Y seguimos en la misma actitud:
estéril y superficial. Nos oponemos al mal, mal que a menudo es imaginario,
supuesto, exagerado, inflado.
La actitud contracorriente que
Jesús nos propone es la de la aceptación y del fluir: el mal – verdadero o
supuesto – se transforma cuando es reconocido, aceptado y se fluye con él.
Esta es también una ley
psicológica reconocida prácticamente por la totalidad de las corrientes
psicológicas existentes.
Nos cuesta tanto vivir esta
actitud porque a nuestro ego le
encanta hacer de juez: elegir donde se encuentra el bien y el mal y,
consecuentemente, ser el salvador eligiendo el bien y destrozando el mal.
Es la trama siempre repetida – y
a veces terriblemente aburrida – de tantas películas: la lucha entre el bien y
el mal.
El evangelio – y con él todas las
tradiciones de sabiduría de la humanidad – nos invita a ir por otro camino: el
mal se transforma aceptándolo y fluyendo con él.
Los cristianos tenemos el icono
de la Cruz que tendría que ayudarnos a comprender: Jesús asume la cruz y muere
en ella. Después, solo después, aparece la luz de la resurrección y lo
que siempre estuvo se manifiesta en plenitud: la Vida.
Nos cuesta comprender y vivir
esta actitud porque hay que pasar por un momento terrible de oscuridad: el mal
asumido. A nuestra mente (ego) le parece que asumir (aceptar, fluir con) el
mal significa ser cómplices del mal.
Esto es irreal y es una trampa de
nuestro ego. Obviamente que desde el plano relativo de nuestro actuar hay que
apostar a construir a partir de valores humanizantes y también es necesario
denunciar todo lo que deshumaniza. Todo esto en la dimensión pragmática y
relativa de nuestra existencia manifiesta.
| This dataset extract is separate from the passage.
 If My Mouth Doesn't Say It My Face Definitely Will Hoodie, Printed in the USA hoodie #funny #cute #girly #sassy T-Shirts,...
Hay otra dimensión: la invisible
y absoluta. La dimensión que precede todo actuar, la dimensión desde donde
emana la luz primera. Ahí empalma nuestra actitud, la actitud correcta que nos
lleva al descubrimiento de la realidad.
La luz sobre la realidad viene solo después que esta misma
realidad es aceptada, así como se presenta. Es la experiencia llamada ecuanimidad.
El evangelio de hoy lo dice de
forma esplendida: “El Padre hace salir el
sol sobre malos y buenos y hace caer la lluvia sobre justos e injustos”.
Nuestra mente no sabe discernir
en profundidad sobre bien y mal y juzgar antes del tiempo resulta fatal: igual
que sacar el feto del vientre de la madre antes de tiempo para evitarle el
dolor. La misma parábola del trigo y la cizaña lo recuerda bellamente.
El verdadero discernimiento se
sitúa en otro lugar del ser: el lugar del silencio ecuánime que acepta y fluye.
Porque en el fondo Amor es lo
único que hay y es solo su manifestación en el aquí y en el ahora lo que
nuestra mente interpreta apuradamente como “bien” y “mal” y, acto seguido, quiere
intervenir, estropeando la secreta armonía.
Recordamos las sabias palabras de
Lao-Tse: “El Universo es sagrado. No lo
puedes mejorar. Si intentas cambiarlo, lo estropearás. Si intentas asirlo, lo
perderás.”
Cuando aceptamos y fluimos las
cosas se arreglan solas y lo que llamamos “mal” y contra el cual luchamos,
desarrolla su función creativa.
Entonces comprendemos también el
último versículo: “sean perfectos como es
perfecto el Padre”. No se trata de perfección moral. Sería imposible y
profundamente anti-humano.
Es la perfección de la ecuanimidad del Amor: acepto la vida con
totalidad en su manifestación concreta aquí y ahora. Fluyo con ella, cualquier
semblante asuma.
Así experimento que, más allá del
“bien” y del “mal”, simple y maravillosamente, soy.